Students at Morrison Elementary School in Fort Smith soon may begin having classes at Grand Avenue Baptist Church. Morrison Elementary was heavily damaged when an F-1 tornado hit Fort Smith May 3.
The school lost its roof and had tornado damage to multiple heating, ventilation and air-conditioning units (HVAC) and gas lines during the storm, said Bill Hollenbeck, director of security and facilities for the Fort Smith Public Schools Police Department.
“I know all of you are aware of the tornado damage that we recently took at Morrison, but you may not know the significance of that,” said Martin Mahan, deputy superintendent. “We are still working on all the details to transition from virtual (school) at Morrison to on-site learning at a different site than this school. This school … will not be suitable for students to go back this school year.”
Morrison was on the edge of the tornado’s path, Hollenbeck said. Throughout the neighborhood, there was significant damage. The tornado peeled the roof off the building, with some landing on the school’s courtyard and more of it landing in the Arkansas River bottoms, Hollenbeck said. One of the HVAC units was damaged when something was “rammed” into it, and several of HVAC units were picked up, shifted and “slammed back down,” causing structural damage to the units and the roof, he added.
There also was a great deal of water damage in several of the classrooms. There were stressed and separated gas lines on the roof and throughout the building, and the district does not yet know what type of damage was caused to all the lines in the school, he said. There also was some damage to part of the school’s foundation.
Hollenbeck said that it would take a minimum of 12 weeks just to get the HVAC unit replacement and equipment delivered. If Superintendent Dr. Terry Morwaski declares an emergency for the school, repair work can begin sooner, he added. That declaration would also allow potential state funding to help with the repair cost, but the district’s insurance also will provide funding, Hollenbeck said.
“This will go far into the summer. I want to assure you that our expectations are that we are going to do everything that we can to get the school open before school starts next year, but we just have to keep in mind that it’s all dependent on the amount of lead time with the equipment,” he said.

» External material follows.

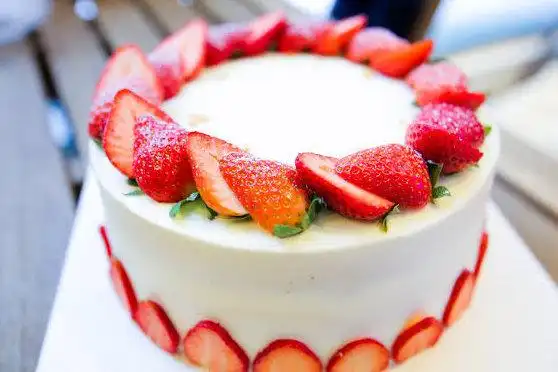 南球云做的全网最全合集搬运漂亮的草莓蛋糕草莓季装饰灵感图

Mahan said the school’s administration has reached out to area churches to find adequate space for all the students to be able to meet in one location. Both First Baptist Church and Grand Avenue Baptist Church offered their facilities. The space at Grand Avenue is the best because it offers enough classroom space, cafeteria space, a playground with playground equipment and appropriate security, Mahan said. First Baptist has said they still want to help with supplies or other needs.

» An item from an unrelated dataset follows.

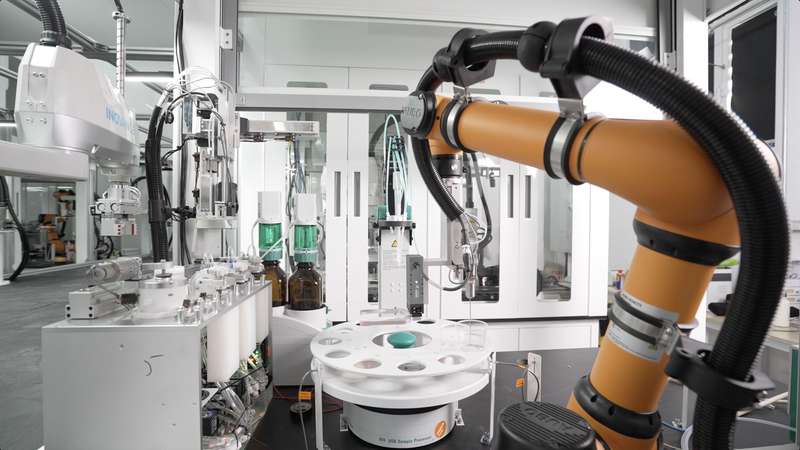 实验室里空无一人，研发效率却翻倍？戴纳科技的黑灯实验室能带给我们哪些启发 IT技术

The district has a cafeteria service contract with Grand Avenue. The school board approved a $12,000 lease contract June 22 with Grand Avenue Baptist Church for use of its kitchen facilities during construction at Northside and Southside high schools cafeterias during the 2020-21 school year because kitchens were not available at those schools during construction on the cafeterias.
The district will have wireless hotspots for teachers and students in order to provide appropriate Wi-Fi internet access while classes meet at the church, Mahan said.
“To say it will be as smooth as existing Wi-Fi would not be accurate. I think it will be a little bit clunkier. Probably won’t be conducive to a lot of video footage, but it will be conducive to accessing Google classroom and online instruction,” Mahan said.
The school is working out a transportation schedule to bus students from Morrison to the church in the mornings and back in the afternoons to help parents as much as possible, Mahan said. Brittany Watson, principal at Morrison, said they have more than 50% buy-in from parents concerning the proposed location move. She said that after they are able to talk to all parents, she believes buy-in will be 90% to 100%.